What It Means to Love Israel
Beware giving the nation too much theological meaning and the Jews too little.
A Christianity Today editorial | posted 9/05/2007 08:38AM
At the end of July, 34 evangelical leaders published a letter to President Bush, commending his attempts to "reinvigorate
Israeli-Palestinian negotiations" and affirming his "clear call for a two-state solution." These leaders represented a wide swath of American evangelicalism, hailing from such institutions as the Christian & Missionary Alliance, World Relief, World Vision, the Vineyard USA, the Evangelical Covenant Church, Fuller Theological Seminary, Bethel University, and this magazine. They also told the Administration that it is "a serious misperception" that American evangelicals are uniformly opposed to a two-state solution and the creation of a new Palestinian state out of the vast majority of the West Bank.
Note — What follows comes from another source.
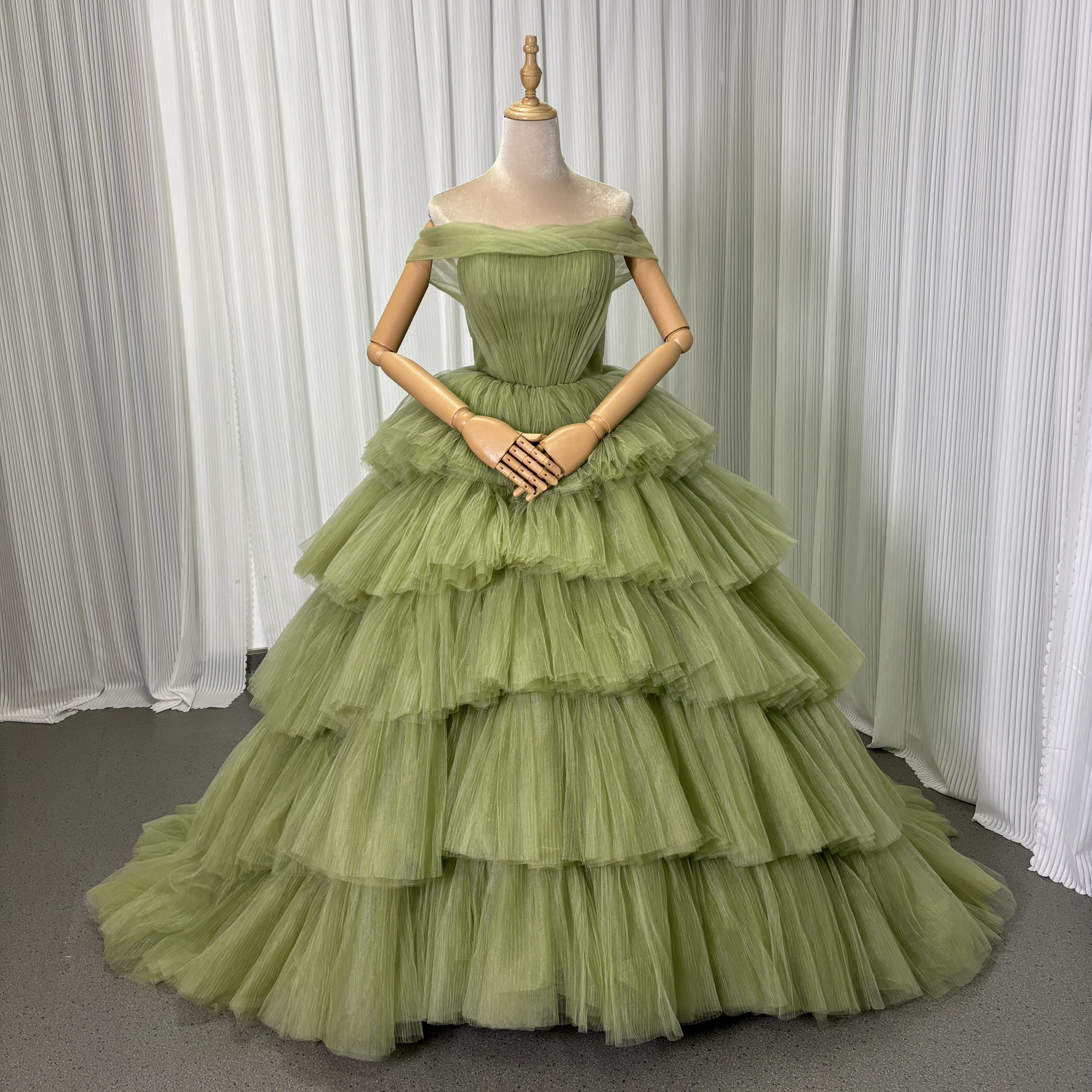 送料無料！カラードレス プリーツドレス ティアードのドレス 取り外し可能なオフショルダー グリーン 結婚式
Just as significant, though, was the leaders' affirmation of love for Israel. "As evangelical Christians," they wrote, "we embrace the biblical promise to Abraham: 'I will bless those who bless you.'" American and British Christians have long hoped and worked for the restoration of the Jewish people to their historic homeland. From Puritan confidence in the latter-day conversion of the Jews as a people emerged a belief in the Jews' return to their homeland. Puritans plowed the soil in which Christian Zionism grew.
At its root, the term Zionism simply means support for a Jewish return to sovereignty in their ancient homeland, with a majority Jewish culture. At the beginning of the 19th century, two streams of Christian Zionism emerged. One, associated with politicians William Wilberforce and Lord Shaftesbury and high-profile preachers Charles Simeon and Charles Spurgeon, was Reformed and covenantal in its theology. It strongly influenced British policy. The other was developed by Edward Irving and J. N. Darby and would later bear the label "dispensationalist." It shaped American support for the restoration of the Jews.
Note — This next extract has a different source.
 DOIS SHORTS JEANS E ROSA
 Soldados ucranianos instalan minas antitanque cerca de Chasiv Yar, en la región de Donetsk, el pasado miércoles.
It is important to remember both groups. Mainline Protestant partisans of Palestinian "liberation" frequently dismiss Christian support for Israel because of its association with dispensationalism. Yet dispensationalists make up only 10 percent of America's 52 million white adult evangelicals, and there is now and long has been broader evangelical support for a secure homeland for the Jewish people in the Middle East.
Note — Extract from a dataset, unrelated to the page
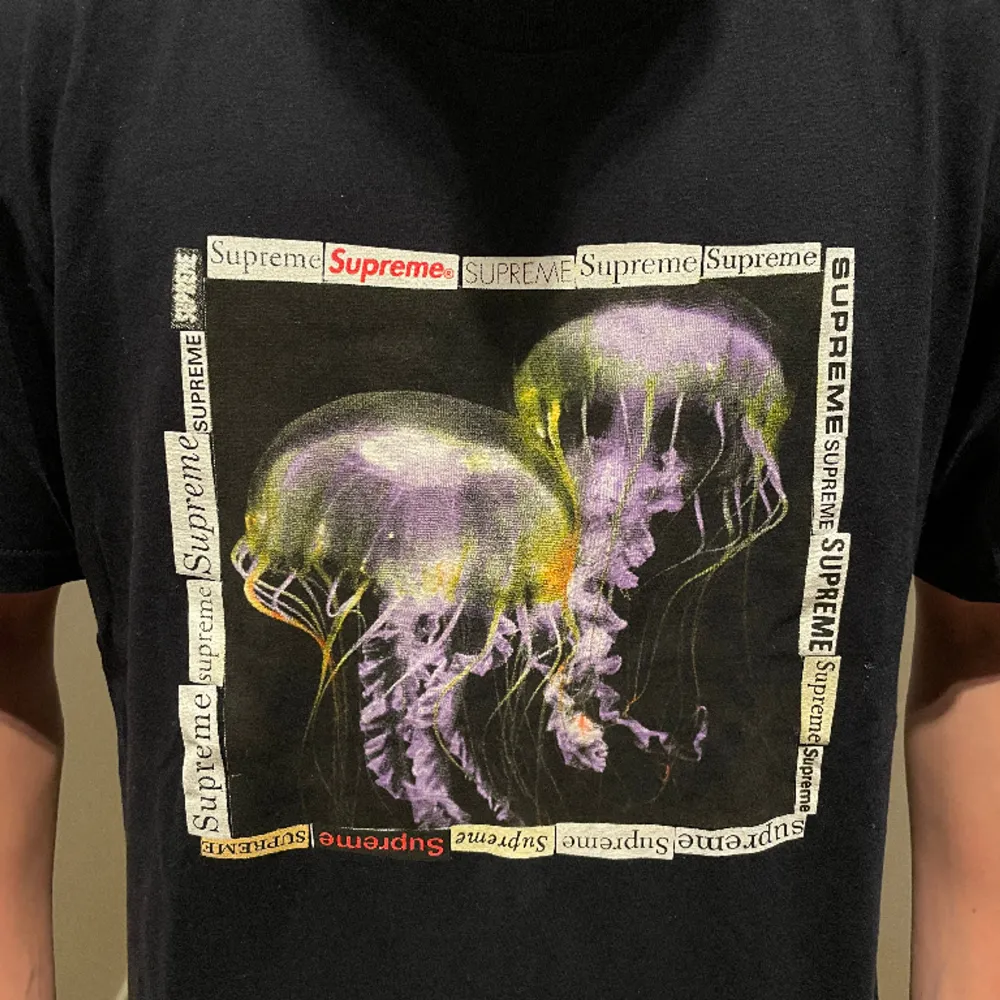 Supreme jellyfish t-shirt. Mycket bra skick! . T-shirts.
The key complaint offered against dispensationalists is that they talk as though God had separate plans for saving Israel and the church. And contemporary Reformed Christians are accused of having a "replacement theology" in which the church takes the place of Israel, inheriting all of God's promises with no remainder for the Jewish people. The one view tends to find no fault with Israeli government decisions as long as they do not compromise dispensational theology. The other view tends to consider the continued existence of the Jewish people a historical anomaly with little theological significance.
A place in God's economyBut we cannot read the New Testament without seeing that the Jews continue to have a place in God's economy. Gentile Christians do not replace the Jews, but are joint heirs and wild branches grafted onto the Jewish olive tree. God's ultimate purpose in saving Gentile Christians is to save the Jews (Rom. 11).
The evangelical mainstream needs to do some rigorous theological work on its relationship to Judaism, to the Jewish people, and to the state of Israel. The concerns we must address include:
The need to learn how Judaism and the Jewish people understand themselves.
What it means to bless Israel and to love it. True love is sometimes tough love that builds on God's unconditional love. Genesis 12:3 is often misused as a warm affirmation of anything done for the expansion of Israel's influence or borders. But genuine love asks not only about the extent of Israel's land, but also about its national character.